--- START ---

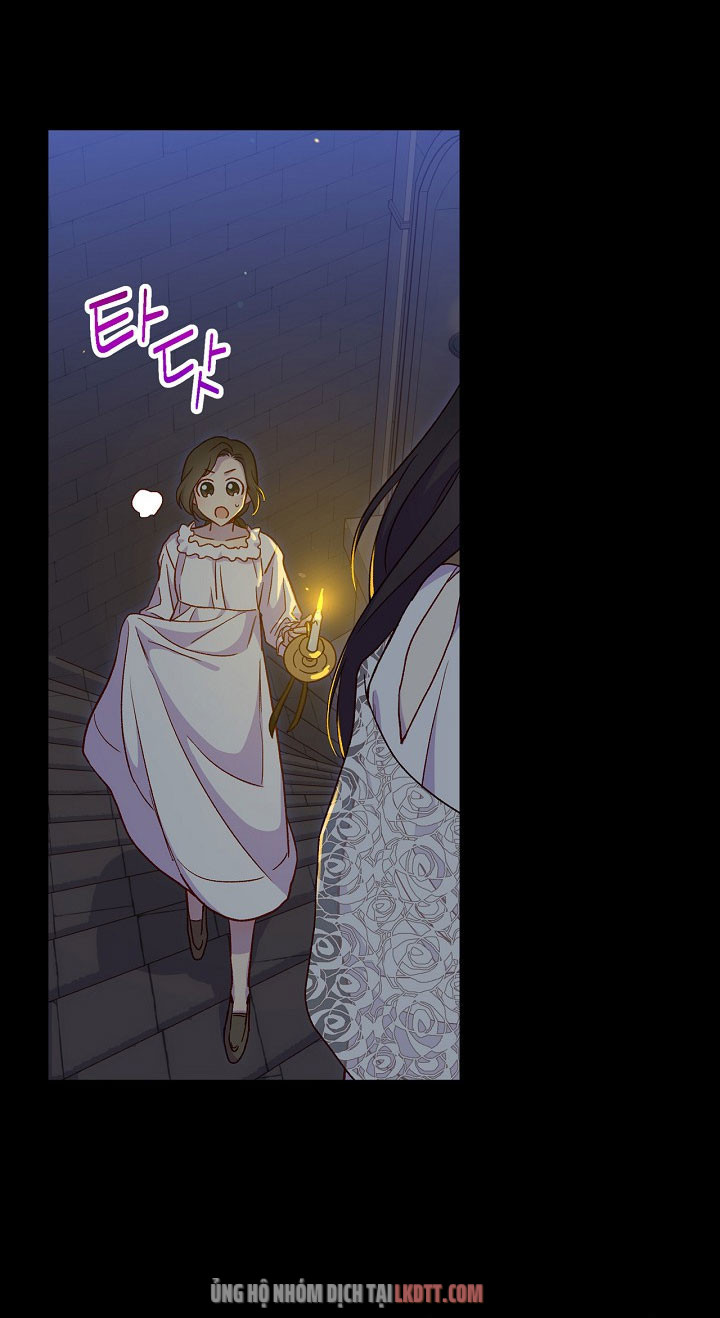 Bí Kíp Sinh Tồn Của Hầu Gái Chapter 33 - Trang 2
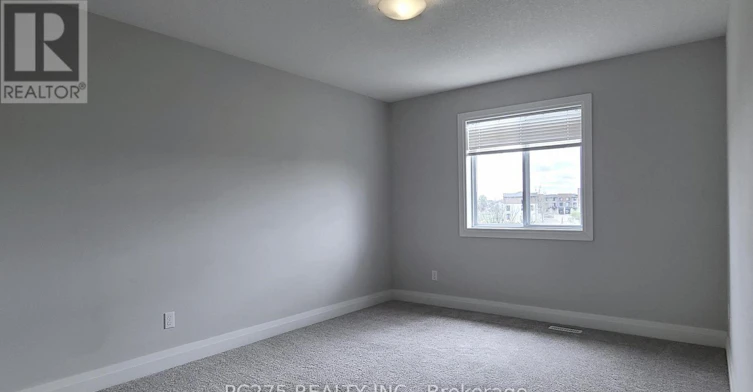 1244 Sandbar Street, London, ON, N6G 0Y3 - 24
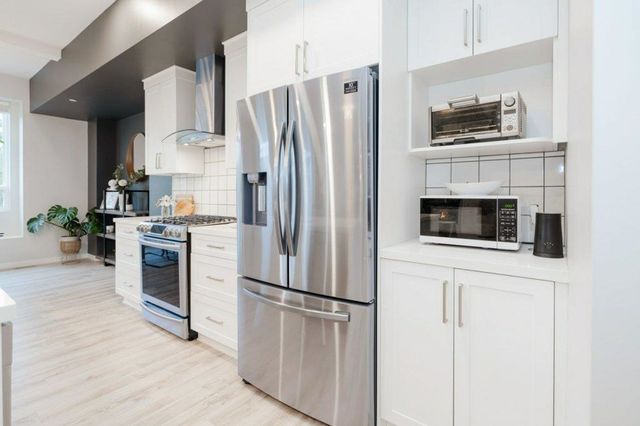 11300-240a-street-cottonwood-mr-maple-ridge-19 at 11300 240a Street, Maple Ridge 11300-240a-street-cottonwood-mr-maple-ridge-19 at 11300 240a Street, Maple Ridge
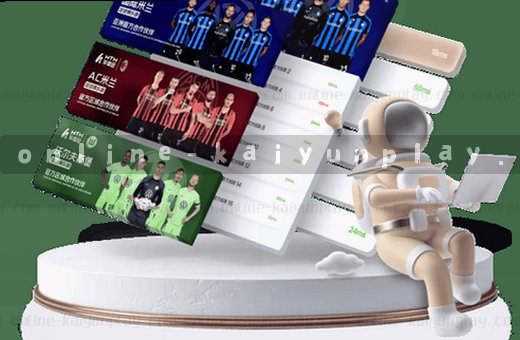 激烈对抗 精准跳投 比分焦灼 锁定胜局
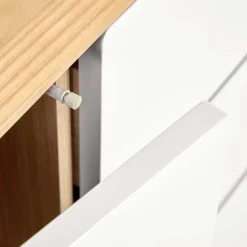 Esszimmersideboard Younglo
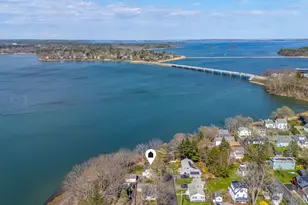 10 Helene St, Portland, ME 04103 - Photo 21
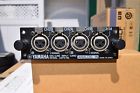 Lmy2-mlf Yamaha Input Card One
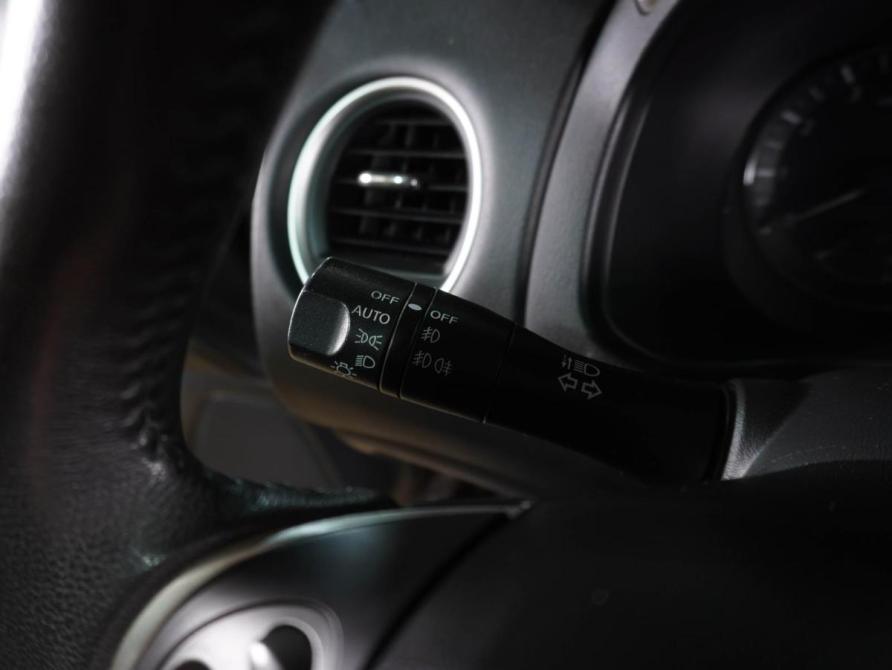 Nissan Pathfinder IV Воронеж  - изображение 19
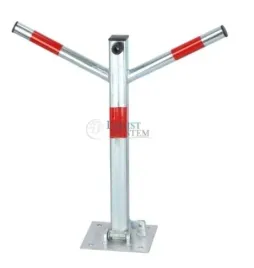 blokada-parkingowa-y-na-klodke-ocynk-zapora-parking-wyprzedaz-bariera-stal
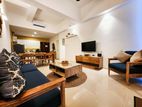 Oceanfront Condos Apartment For Sale In Galle
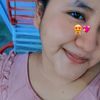 abigail.tenazoa.18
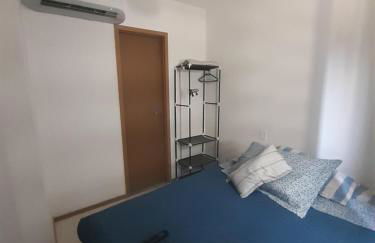 Venha curtir o verão perto da praia - Photo 5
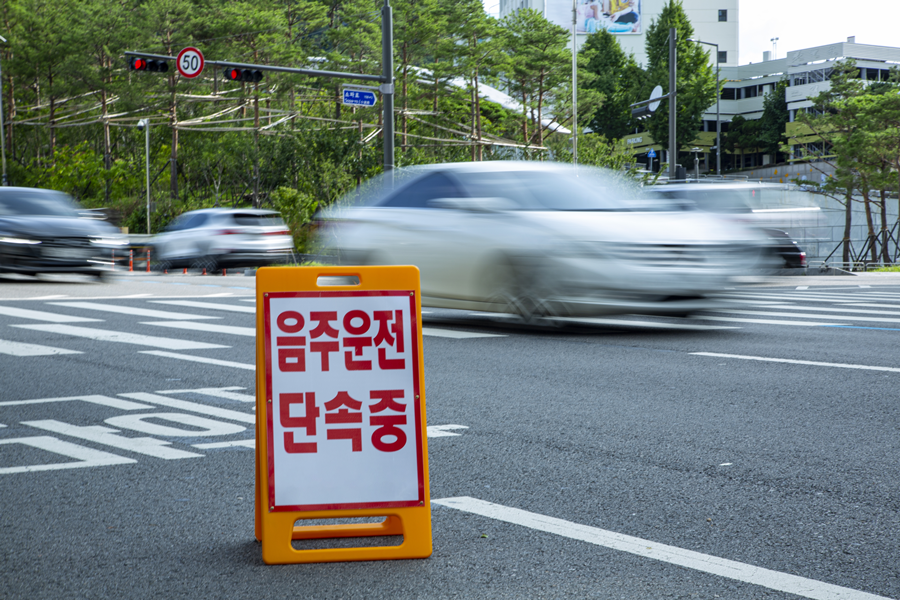법무법인가람 이미지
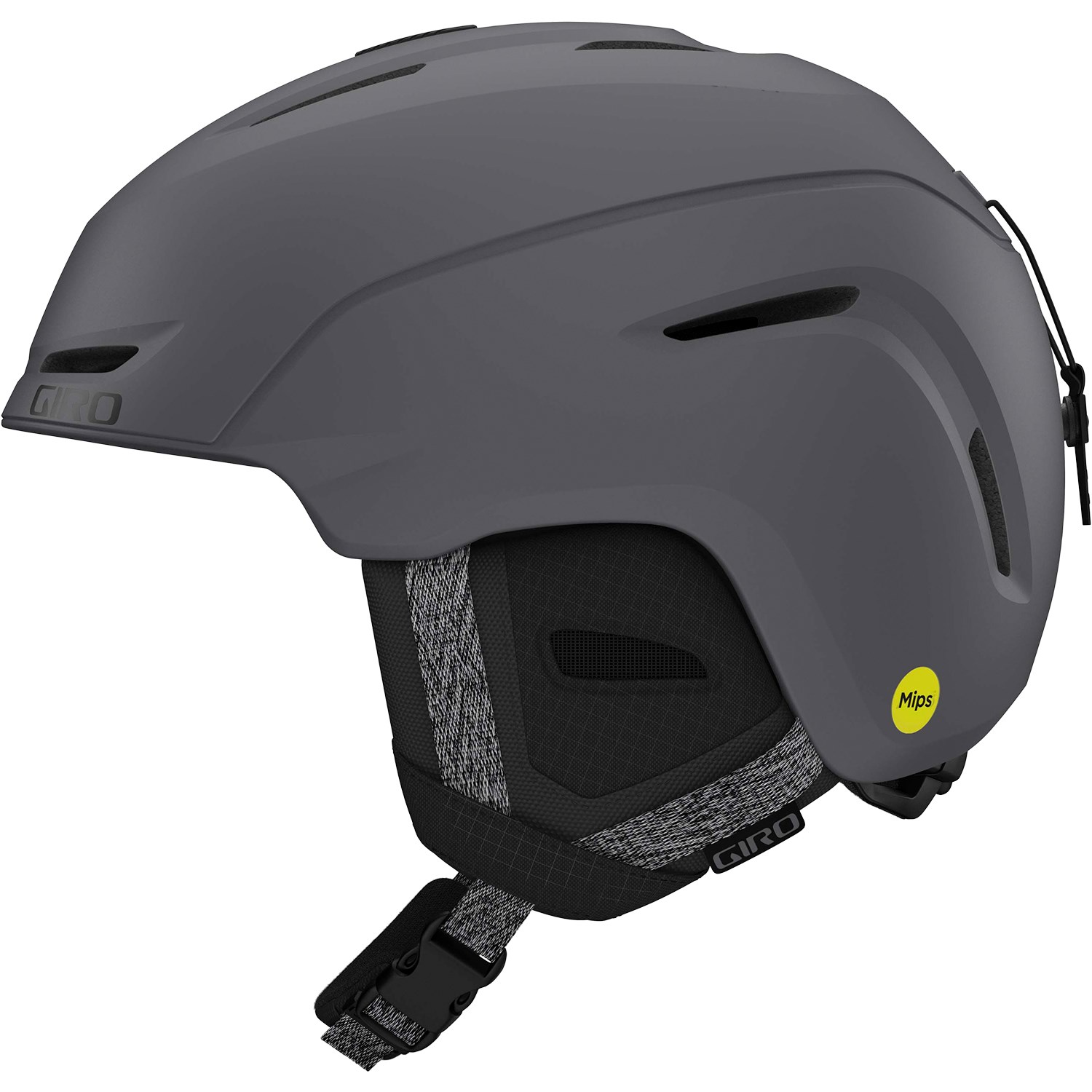 Giro Neo MIPS AF Helmet | evo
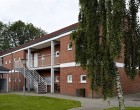 Lejlighed Lejlighed på A.I. Holms Vej i Herning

--- END ---

**Problem:**
Wherever an image sits in the data, omit it; everything else must be copied exactly.

**Reply to the exercise:**
 Bí Kíp Sinh Tồn Của Hầu Gái Chapter 33 - Trang 2
 1244 Sandbar Street, London, ON, N6G 0Y3 - 24
 11300-240a-street-cottonwood-mr-maple-ridge-19 at 11300 240a Street, Maple Ridge 11300-240a-street-cottonwood-mr-maple-ridge-19 at 11300 240a Street, Maple Ridge
 激烈对抗 精准跳投 比分焦灼 锁定胜局
 Esszimmersideboard Younglo
 10 Helene St, Portland, ME 04103 - Photo 21
 Lmy2-mlf Yamaha Input Card One
 Nissan Pathfinder IV Воронеж  - изображение 19
 blokada-parkingowa-y-na-klodke-ocynk-zapora-parking-wyprzedaz-bariera-stal
 Oceanfront Condos Apartment For Sale In Galle
 abigail.tenazoa.18
 Venha curtir o verão perto da praia - Photo 5
법무법인가람 이미지
 Giro Neo MIPS AF Helmet | evo
 Lejlighed Lejlighed på A.I. Holms Vej i Herning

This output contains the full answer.